TASK TO COMPLETE » With both ends included, repeat exactly the lines of the entries below from the one containing "Attico Python Printed" down to the one containing "Старт собственной 3D-сцены", and no others.

EXERCISE INPUTS »
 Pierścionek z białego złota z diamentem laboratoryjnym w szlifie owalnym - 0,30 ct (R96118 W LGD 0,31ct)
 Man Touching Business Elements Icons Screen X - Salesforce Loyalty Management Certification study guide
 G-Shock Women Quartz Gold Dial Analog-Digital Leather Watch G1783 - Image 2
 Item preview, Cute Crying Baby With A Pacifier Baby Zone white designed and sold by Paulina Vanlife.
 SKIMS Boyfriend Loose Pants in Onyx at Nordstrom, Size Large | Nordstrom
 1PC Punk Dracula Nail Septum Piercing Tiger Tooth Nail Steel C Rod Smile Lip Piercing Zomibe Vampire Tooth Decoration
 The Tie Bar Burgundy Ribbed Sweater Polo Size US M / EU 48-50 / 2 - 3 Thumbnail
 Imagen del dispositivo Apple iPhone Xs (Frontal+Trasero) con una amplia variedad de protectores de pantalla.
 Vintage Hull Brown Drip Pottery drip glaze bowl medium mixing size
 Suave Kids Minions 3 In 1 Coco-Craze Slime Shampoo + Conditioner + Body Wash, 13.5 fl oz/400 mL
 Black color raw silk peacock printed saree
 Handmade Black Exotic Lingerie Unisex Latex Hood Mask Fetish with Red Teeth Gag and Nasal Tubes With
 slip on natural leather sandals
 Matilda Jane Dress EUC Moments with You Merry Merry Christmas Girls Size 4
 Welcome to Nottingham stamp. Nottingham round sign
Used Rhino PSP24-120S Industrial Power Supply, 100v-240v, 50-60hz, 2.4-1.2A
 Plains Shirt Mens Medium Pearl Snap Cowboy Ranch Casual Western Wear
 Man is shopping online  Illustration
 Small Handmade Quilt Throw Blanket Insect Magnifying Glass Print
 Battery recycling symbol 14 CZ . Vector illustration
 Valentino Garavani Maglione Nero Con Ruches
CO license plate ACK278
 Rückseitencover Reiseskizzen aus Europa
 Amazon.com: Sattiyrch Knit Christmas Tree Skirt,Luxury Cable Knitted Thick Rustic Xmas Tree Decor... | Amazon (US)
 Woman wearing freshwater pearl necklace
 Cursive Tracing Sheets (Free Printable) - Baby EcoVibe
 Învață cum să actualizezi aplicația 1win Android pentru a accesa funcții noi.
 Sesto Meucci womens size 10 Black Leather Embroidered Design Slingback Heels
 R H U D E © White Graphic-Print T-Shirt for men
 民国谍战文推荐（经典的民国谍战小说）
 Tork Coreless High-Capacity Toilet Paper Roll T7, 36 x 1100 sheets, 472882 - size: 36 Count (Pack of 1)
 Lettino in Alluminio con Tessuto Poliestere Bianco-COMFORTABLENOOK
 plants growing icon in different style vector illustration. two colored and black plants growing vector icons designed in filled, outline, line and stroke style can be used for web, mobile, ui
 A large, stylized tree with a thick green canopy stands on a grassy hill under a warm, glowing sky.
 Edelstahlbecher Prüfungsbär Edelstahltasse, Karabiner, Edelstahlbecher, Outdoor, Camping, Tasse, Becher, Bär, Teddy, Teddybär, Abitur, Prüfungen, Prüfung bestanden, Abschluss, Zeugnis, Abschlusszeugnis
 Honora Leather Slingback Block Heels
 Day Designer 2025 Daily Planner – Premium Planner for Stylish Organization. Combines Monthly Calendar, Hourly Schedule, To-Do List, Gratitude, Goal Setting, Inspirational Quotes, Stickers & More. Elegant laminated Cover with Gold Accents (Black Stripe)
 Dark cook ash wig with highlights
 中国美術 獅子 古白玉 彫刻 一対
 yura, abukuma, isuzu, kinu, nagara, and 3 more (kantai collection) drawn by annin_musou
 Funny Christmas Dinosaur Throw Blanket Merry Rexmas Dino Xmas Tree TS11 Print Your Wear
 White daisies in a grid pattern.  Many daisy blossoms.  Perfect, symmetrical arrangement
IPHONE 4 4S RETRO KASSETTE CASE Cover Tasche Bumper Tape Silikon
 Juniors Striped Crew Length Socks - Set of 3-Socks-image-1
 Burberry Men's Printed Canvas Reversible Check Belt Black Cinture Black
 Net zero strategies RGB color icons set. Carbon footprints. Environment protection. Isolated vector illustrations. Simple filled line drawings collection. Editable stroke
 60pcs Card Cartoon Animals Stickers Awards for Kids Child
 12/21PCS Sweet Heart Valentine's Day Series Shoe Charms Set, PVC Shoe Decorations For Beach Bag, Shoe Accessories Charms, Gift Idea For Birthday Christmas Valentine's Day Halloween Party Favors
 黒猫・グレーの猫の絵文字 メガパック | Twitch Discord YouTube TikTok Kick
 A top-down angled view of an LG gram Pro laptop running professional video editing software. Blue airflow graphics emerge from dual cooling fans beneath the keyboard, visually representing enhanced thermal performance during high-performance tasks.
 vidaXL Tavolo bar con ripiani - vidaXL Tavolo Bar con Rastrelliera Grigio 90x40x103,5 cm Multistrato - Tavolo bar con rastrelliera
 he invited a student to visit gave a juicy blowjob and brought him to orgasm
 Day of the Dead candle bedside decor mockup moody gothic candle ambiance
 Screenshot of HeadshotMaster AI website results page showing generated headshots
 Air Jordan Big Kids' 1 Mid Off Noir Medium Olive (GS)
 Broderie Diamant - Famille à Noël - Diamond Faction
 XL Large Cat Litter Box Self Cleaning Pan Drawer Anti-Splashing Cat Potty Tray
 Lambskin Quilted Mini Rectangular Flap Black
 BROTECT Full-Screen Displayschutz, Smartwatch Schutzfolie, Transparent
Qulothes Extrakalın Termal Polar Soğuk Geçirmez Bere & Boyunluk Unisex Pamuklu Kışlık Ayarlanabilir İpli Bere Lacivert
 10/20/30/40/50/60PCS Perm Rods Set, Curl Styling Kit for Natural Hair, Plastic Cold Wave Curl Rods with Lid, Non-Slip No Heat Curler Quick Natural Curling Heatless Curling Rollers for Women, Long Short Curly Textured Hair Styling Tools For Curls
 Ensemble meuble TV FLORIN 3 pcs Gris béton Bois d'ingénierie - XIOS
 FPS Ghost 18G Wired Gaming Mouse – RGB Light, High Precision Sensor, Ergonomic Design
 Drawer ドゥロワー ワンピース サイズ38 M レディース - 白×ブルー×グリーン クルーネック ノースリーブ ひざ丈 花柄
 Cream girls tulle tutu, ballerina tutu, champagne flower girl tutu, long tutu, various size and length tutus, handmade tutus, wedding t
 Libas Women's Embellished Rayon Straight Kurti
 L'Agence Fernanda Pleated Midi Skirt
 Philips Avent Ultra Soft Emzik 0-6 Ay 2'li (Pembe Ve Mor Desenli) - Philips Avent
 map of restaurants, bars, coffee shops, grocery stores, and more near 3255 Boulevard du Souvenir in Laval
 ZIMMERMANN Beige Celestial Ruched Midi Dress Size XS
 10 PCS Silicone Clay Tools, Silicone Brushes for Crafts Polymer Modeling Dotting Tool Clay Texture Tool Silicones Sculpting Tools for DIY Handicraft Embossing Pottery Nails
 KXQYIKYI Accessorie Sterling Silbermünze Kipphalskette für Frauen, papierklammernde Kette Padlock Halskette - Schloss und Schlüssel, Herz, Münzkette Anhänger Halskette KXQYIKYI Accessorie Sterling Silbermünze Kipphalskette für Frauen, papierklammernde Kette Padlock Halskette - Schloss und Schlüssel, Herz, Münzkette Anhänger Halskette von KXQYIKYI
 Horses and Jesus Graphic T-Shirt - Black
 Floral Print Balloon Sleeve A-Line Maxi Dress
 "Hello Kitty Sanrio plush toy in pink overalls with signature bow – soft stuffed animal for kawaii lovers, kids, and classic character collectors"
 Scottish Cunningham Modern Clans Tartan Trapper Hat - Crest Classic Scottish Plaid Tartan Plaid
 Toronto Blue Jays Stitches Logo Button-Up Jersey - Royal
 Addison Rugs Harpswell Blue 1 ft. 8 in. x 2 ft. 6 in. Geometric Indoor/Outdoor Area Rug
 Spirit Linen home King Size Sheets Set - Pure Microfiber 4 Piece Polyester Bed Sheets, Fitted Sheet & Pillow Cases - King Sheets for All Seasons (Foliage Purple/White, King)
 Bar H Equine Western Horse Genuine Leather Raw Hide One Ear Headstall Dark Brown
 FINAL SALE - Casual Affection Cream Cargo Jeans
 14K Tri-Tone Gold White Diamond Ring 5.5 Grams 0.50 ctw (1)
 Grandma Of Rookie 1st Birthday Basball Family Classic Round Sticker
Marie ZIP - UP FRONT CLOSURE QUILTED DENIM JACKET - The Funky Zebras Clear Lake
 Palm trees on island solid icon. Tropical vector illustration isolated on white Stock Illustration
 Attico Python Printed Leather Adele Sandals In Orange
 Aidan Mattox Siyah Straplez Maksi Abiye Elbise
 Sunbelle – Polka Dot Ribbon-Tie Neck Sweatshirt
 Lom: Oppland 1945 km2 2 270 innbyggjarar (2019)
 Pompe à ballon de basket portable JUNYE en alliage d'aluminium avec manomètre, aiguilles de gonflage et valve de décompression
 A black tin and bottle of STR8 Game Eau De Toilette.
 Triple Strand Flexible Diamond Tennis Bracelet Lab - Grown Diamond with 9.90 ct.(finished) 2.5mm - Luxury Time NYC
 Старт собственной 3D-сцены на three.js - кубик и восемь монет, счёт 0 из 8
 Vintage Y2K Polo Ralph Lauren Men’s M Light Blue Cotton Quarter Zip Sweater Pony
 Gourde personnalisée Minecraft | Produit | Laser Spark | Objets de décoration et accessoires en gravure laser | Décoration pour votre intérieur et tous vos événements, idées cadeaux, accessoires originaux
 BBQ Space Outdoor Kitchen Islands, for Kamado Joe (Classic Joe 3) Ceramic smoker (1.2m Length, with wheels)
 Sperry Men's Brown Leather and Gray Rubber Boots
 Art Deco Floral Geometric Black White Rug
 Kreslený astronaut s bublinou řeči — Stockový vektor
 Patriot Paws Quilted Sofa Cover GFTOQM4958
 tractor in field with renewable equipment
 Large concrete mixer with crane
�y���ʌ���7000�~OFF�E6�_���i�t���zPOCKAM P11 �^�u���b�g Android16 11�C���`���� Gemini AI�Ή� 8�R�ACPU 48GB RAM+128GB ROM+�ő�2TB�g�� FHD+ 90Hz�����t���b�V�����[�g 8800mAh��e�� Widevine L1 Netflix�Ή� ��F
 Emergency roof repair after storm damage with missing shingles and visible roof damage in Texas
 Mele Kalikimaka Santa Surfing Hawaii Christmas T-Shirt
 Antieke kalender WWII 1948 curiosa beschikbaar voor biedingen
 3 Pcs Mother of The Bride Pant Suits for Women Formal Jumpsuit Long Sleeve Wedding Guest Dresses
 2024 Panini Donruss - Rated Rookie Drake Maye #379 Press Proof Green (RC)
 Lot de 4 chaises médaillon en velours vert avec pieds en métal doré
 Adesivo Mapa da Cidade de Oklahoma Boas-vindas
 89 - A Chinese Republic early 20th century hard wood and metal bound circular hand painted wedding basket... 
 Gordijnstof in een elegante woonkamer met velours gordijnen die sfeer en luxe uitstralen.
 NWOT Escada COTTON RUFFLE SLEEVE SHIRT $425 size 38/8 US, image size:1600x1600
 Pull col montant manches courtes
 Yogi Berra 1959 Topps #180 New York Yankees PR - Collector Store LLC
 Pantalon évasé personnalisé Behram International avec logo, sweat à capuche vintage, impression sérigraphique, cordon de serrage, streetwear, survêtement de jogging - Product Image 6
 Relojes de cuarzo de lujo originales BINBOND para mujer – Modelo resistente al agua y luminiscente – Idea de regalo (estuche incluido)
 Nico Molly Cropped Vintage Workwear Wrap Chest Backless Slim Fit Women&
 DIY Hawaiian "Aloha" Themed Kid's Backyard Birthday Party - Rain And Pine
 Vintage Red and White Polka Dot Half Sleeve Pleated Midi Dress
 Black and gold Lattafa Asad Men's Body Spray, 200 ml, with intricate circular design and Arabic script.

ANSWER AREA »
 Attico Python Printed Leather Adele Sandals In Orange
 Aidan Mattox Siyah Straplez Maksi Abiye Elbise
 Sunbelle – Polka Dot Ribbon-Tie Neck Sweatshirt
 Lom: Oppland 1945 km2 2 270 innbyggjarar (2019)
 Pompe à ballon de basket portable JUNYE en alliage d'aluminium avec manomètre, aiguilles de gonflage et valve de décompression
 A black tin and bottle of STR8 Game Eau De Toilette.
 Triple Strand Flexible Diamond Tennis Bracelet Lab - Grown Diamond with 9.90 ct.(finished) 2.5mm - Luxury Time NYC
 Старт собственной 3D-сцены на three.js - кубик и восемь монет, счёт 0 из 8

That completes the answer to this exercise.